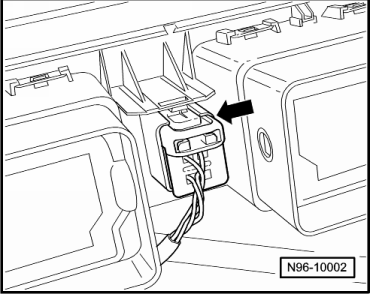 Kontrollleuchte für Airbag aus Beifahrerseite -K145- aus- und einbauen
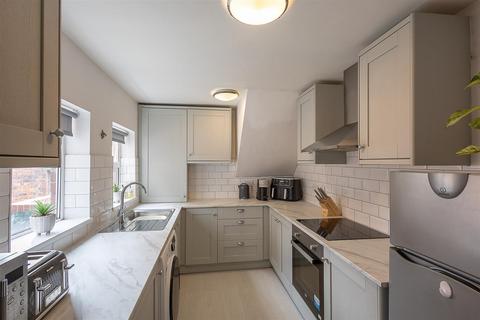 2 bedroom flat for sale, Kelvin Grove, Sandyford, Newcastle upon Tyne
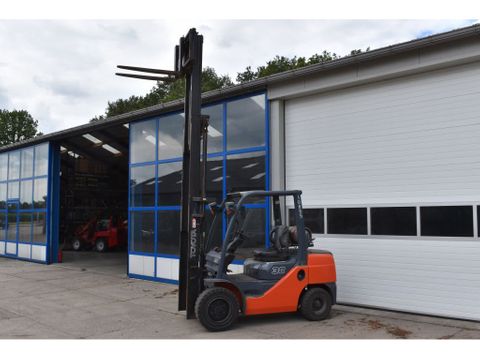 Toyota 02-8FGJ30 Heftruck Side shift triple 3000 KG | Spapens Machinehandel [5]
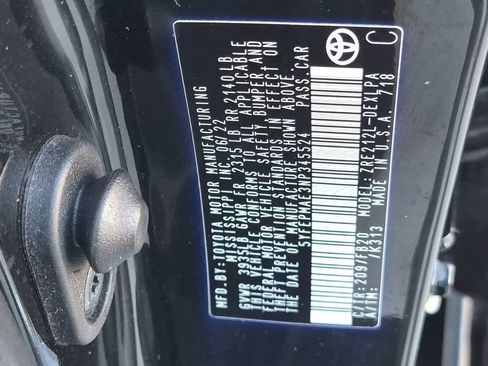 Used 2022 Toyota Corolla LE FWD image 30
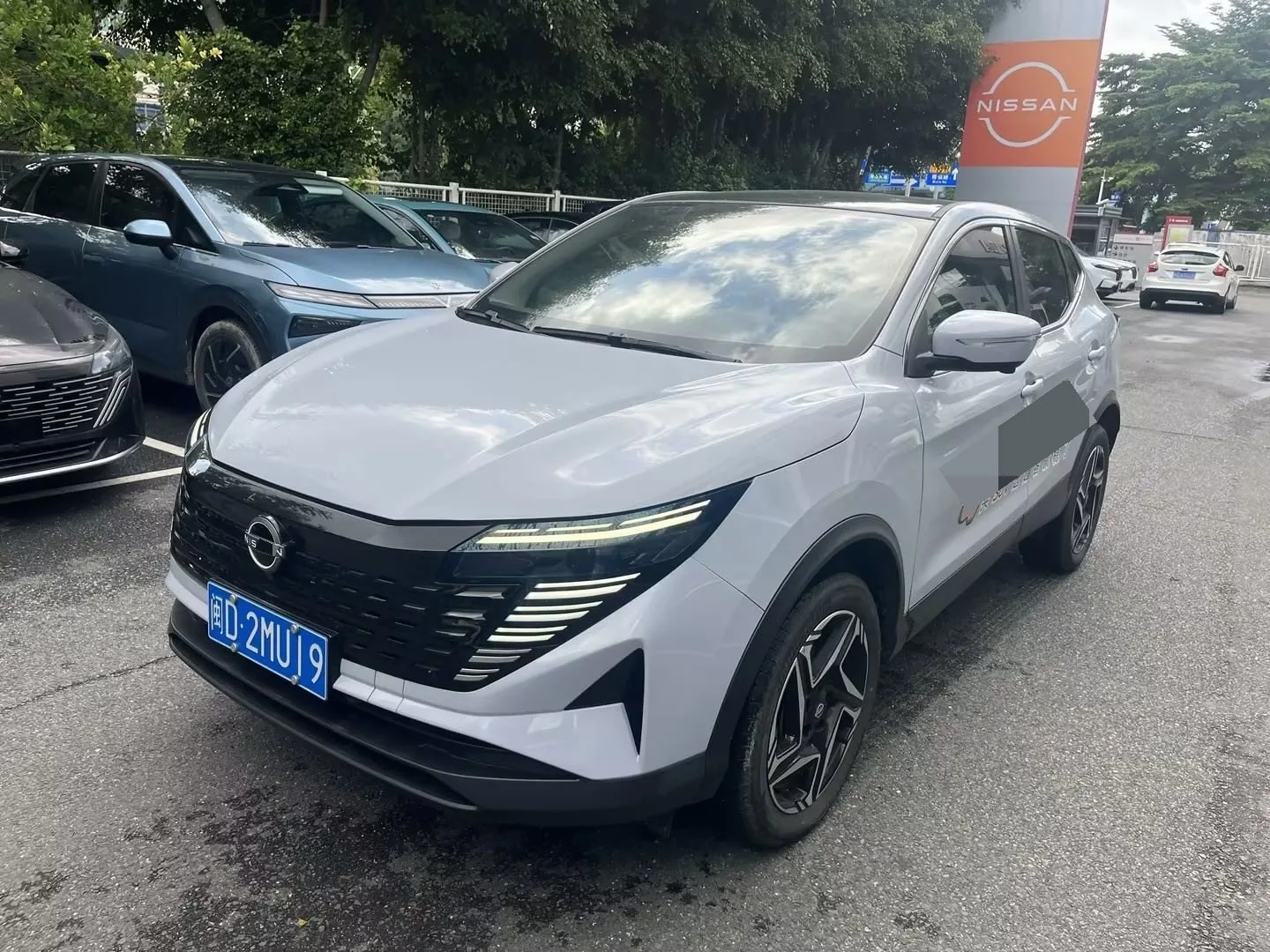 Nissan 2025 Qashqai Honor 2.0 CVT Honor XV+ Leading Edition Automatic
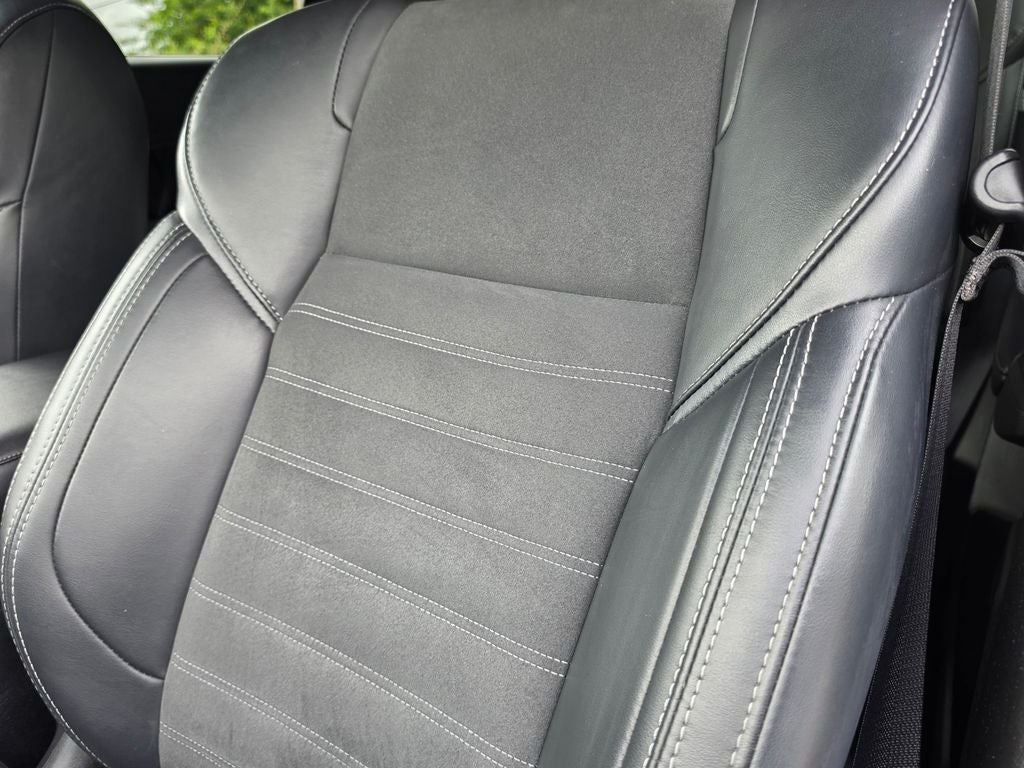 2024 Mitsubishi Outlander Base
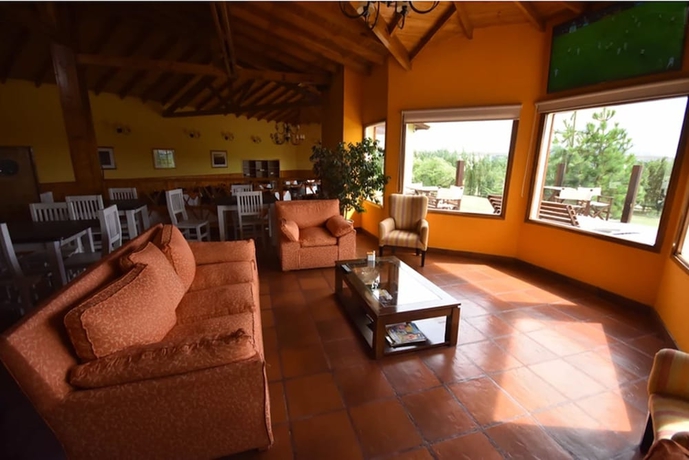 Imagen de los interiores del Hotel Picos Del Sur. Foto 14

==

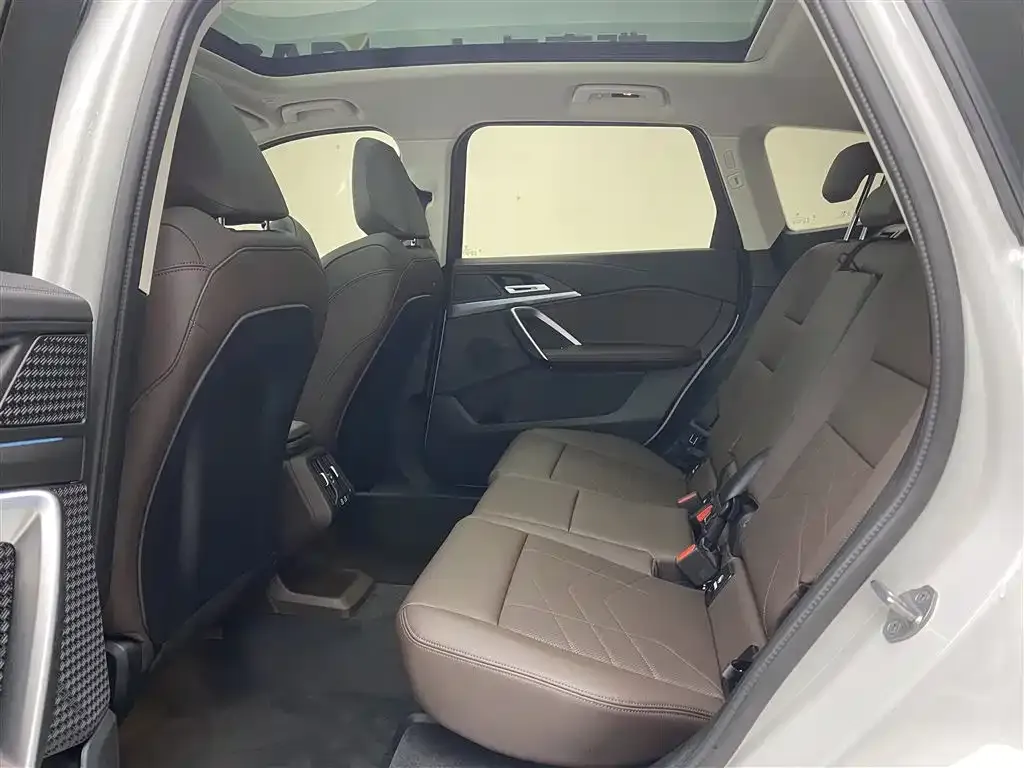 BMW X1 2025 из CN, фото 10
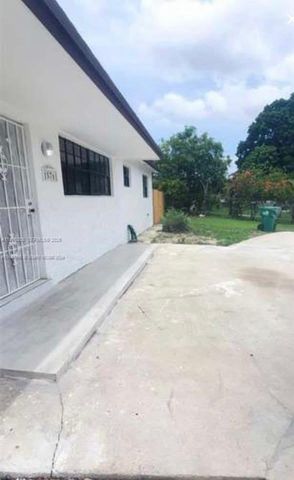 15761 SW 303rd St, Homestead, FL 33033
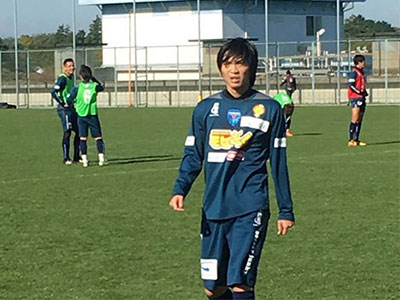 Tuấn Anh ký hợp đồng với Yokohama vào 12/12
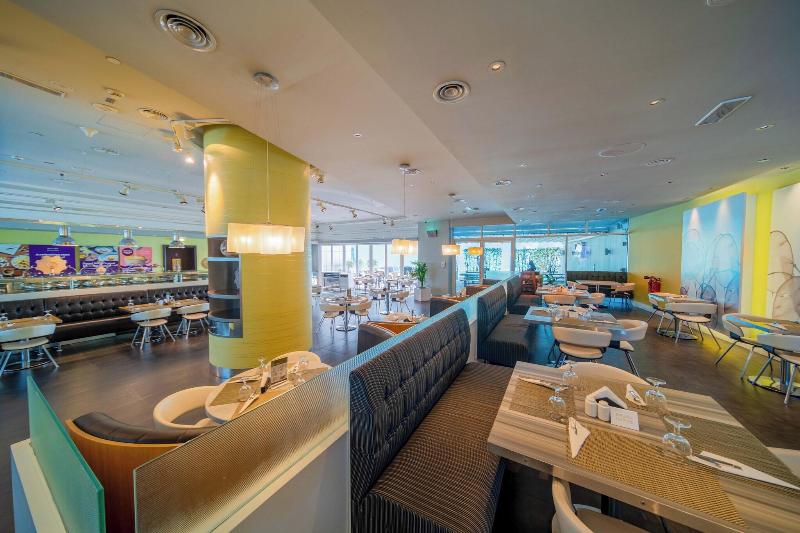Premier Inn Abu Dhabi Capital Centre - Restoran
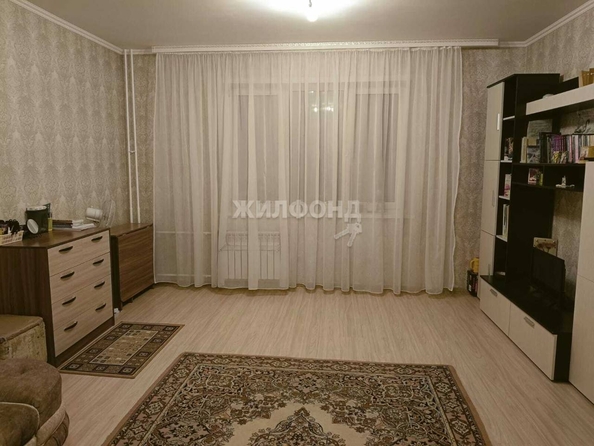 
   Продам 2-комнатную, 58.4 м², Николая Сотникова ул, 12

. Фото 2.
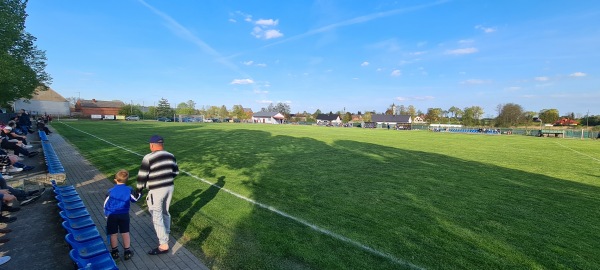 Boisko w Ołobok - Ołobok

**Task directions**
Only one stretch of the listing is wanted: the lines starting at the one with "2024 Mitsubishi Outlander Base" and ending at the one with "Imagen de los", copied exactly and free of pictures.

**Written answer**
 2024 Mitsubishi Outlander Base
 Imagen de los interiores del Hotel Picos Del Sur. Foto 14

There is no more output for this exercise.